Workflows

Overview

Workflows let you chain together document processing steps into reusable pipelines. Define a workflow once, then execute it with different files.

Create a Workflow

from datalab_sdk import DatalabClient
from datalab_sdk.models import WorkflowStep

client = DatalabClient()

# Define workflow steps
steps = [
    WorkflowStep(
        unique_name="parse",
        step_key="marker_parse",
        settings={"max_pages": 10},
        depends_on=[]
    ),
    WorkflowStep(
        unique_name="extract",
        step_key="marker_extract",
        settings={
            "page_schema": {
                "invoice_number": {"type": "string"},
                "total": {"type": "number"}
            }
        },
        depends_on=["parse"]
    )
]

# Create the workflow
workflow = client.create_workflow(
    name="Invoice Extraction",
    steps=steps
)

print(f"Created workflow: {workflow.id}")

WorkflowStep

Each step in a workflow is defined with:

Field	Type	Required	Description
`unique_name`	str	Yes	Unique identifier for this step
`step_key`	str	Yes	Step type (see available types below)
`settings`	dict	Yes	Step-specific configuration
`depends_on`	list	Yes	List of step names that must complete first

Available Step Types

Get the list of available step types:

step_types = client.get_step_types()

for st in step_types['step_types']:
    print(f"{st['step_type']}: {st['description']}")

Common step types:

Step Type	Description
`marker_parse`	Parse documents to markdown
`marker_extract`	Extract structured data with a schema
`marker_segment`	Segment documents by section
`conditional`	Route based on conditions
`await_parse_quality`	Wait for quality score
`api_request`	Make external API calls

Execute a Workflow

from datalab_sdk.models import InputConfig

# Execute with file URLs
input_config = InputConfig(
    file_urls=[
        "https://example.com/invoice1.pdf",
        "https://example.com/invoice2.pdf"
    ]
)

execution = client.execute_workflow(
    workflow_id=workflow.id,
    input_config=input_config
)

print(f"Execution ID: {execution.id}")
print(f"Status: {execution.status}")  # "processing"

InputConfig Options

Field	Type	Description
`file_urls`	list	Direct URLs to files (including `datalab://file-xxx`)
`bucket`	str	S3/R2 bucket name
`prefix`	str	Bucket prefix path
`pattern`	str	File pattern (e.g., `"*.pdf"`)
`storage_type`	str	`"s3"` or `"r2"`

Using Uploaded Files

Use files from Datalab storage:

# Upload files first
files = client.upload_files(["invoice1.pdf", "invoice2.pdf"])

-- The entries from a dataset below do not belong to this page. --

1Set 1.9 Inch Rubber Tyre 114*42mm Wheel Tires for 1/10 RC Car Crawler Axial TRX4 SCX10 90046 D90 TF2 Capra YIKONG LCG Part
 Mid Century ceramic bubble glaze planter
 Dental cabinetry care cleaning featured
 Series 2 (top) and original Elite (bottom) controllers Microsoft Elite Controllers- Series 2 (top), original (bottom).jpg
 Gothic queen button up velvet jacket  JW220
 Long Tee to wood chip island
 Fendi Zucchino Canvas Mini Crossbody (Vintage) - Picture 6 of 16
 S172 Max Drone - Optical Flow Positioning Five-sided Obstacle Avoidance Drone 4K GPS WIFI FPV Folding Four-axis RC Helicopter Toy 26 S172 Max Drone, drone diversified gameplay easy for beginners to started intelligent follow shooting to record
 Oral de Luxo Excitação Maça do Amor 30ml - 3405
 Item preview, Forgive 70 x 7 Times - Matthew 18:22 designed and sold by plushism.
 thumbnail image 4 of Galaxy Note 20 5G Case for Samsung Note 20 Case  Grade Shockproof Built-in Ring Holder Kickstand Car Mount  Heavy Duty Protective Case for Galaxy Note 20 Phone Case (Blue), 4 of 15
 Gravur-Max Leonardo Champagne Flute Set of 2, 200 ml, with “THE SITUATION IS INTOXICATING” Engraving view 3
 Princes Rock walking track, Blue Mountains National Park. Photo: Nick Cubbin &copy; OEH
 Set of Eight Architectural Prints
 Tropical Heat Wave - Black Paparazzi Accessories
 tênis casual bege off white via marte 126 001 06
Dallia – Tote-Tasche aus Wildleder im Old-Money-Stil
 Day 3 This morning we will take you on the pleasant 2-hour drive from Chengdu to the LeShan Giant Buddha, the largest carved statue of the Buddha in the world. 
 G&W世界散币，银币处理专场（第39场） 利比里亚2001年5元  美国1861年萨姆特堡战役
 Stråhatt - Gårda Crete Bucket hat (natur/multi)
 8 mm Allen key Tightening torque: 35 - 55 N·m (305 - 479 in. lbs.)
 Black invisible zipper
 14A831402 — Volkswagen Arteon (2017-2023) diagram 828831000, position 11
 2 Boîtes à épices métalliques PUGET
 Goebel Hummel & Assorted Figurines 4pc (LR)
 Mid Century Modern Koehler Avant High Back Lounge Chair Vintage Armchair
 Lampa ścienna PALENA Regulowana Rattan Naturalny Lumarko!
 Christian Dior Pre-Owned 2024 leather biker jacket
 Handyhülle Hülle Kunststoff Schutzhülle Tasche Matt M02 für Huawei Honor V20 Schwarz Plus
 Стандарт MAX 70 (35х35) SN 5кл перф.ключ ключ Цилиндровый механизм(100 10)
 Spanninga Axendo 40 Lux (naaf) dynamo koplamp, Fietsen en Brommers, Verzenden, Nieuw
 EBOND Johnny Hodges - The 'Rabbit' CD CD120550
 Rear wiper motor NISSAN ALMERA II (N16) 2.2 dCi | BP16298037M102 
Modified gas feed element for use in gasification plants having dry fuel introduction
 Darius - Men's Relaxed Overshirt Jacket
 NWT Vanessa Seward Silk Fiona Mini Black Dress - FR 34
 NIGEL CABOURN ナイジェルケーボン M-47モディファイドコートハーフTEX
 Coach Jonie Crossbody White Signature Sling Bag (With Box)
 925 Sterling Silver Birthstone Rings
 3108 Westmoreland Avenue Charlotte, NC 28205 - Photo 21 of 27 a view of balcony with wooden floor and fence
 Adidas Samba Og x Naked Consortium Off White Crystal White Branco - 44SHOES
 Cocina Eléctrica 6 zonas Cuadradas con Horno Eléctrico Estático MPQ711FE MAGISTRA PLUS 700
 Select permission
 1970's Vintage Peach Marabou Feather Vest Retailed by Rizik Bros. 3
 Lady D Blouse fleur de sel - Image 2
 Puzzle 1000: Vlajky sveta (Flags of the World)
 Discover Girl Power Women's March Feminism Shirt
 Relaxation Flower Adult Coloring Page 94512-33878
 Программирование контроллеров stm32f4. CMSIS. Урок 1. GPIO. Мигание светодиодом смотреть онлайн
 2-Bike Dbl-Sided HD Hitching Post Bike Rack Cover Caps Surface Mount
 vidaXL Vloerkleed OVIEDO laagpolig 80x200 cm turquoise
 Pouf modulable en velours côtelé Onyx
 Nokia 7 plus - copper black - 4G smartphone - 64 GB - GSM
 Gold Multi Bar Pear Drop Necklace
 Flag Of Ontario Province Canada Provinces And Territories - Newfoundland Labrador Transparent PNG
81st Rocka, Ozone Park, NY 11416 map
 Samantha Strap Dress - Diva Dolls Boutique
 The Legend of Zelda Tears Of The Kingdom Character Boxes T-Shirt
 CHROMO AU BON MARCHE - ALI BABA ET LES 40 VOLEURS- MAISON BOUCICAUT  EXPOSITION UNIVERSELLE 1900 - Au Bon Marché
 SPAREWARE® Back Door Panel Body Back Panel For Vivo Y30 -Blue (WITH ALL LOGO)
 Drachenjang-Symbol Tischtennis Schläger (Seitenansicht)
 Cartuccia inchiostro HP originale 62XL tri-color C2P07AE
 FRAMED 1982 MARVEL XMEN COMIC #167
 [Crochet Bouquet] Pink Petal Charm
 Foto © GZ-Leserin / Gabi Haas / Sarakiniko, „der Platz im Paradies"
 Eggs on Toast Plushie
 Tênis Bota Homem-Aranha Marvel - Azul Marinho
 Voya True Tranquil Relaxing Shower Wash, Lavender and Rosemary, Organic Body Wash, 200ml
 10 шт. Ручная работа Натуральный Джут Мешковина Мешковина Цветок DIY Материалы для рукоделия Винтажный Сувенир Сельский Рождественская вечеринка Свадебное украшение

# Use references in workflow
input_config = InputConfig(
    file_urls=[f.reference for f in files]
)

execution = client.execute_workflow(
    workflow_id=workflow.id,
    input_config=input_config
)

Check Execution Status

Poll for workflow completion:

# Single check
status = client.get_execution_status(execution.id)
print(f"Status: {status.status}")

# Poll until complete
status = client.get_execution_status(
    execution_id=execution.id,
    max_polls=300,        # Maximum polling attempts
    poll_interval=2,      # Seconds between polls
    download_results=True # Download results from presigned URLs
)

if status.status == "COMPLETED":
    print("Workflow completed!")
    print(f"Steps: {status.steps}")
elif status.status == "FAILED":
    print(f"Failed: {status.error}")

Execution Status Values

Status	Description
`IN_PROGRESS`	Workflow is running
`COMPLETED`	All steps finished successfully
`FAILED`	One or more steps failed

Accessing Results

status = client.get_execution_status(
    execution.id,
    max_polls=300,
    download_results=True
)

# Results organized by step
for step_name, step_result in status.steps.items():
    print(f"\n{step_name}:")
    print(f"  Status: {step_result.get('status')}")
    print(f"  Output: {step_result.get('output')}")

List Workflows

workflows = client.list_workflows()

for wf in workflows:
    print(f"{wf.id}: {wf.name}")
    print(f"  Steps: {[s.unique_name for s in wf.steps]}")
    print(f"  Created: {wf.created}")

Get Workflow Details

workflow = client.get_workflow(workflow_id=42)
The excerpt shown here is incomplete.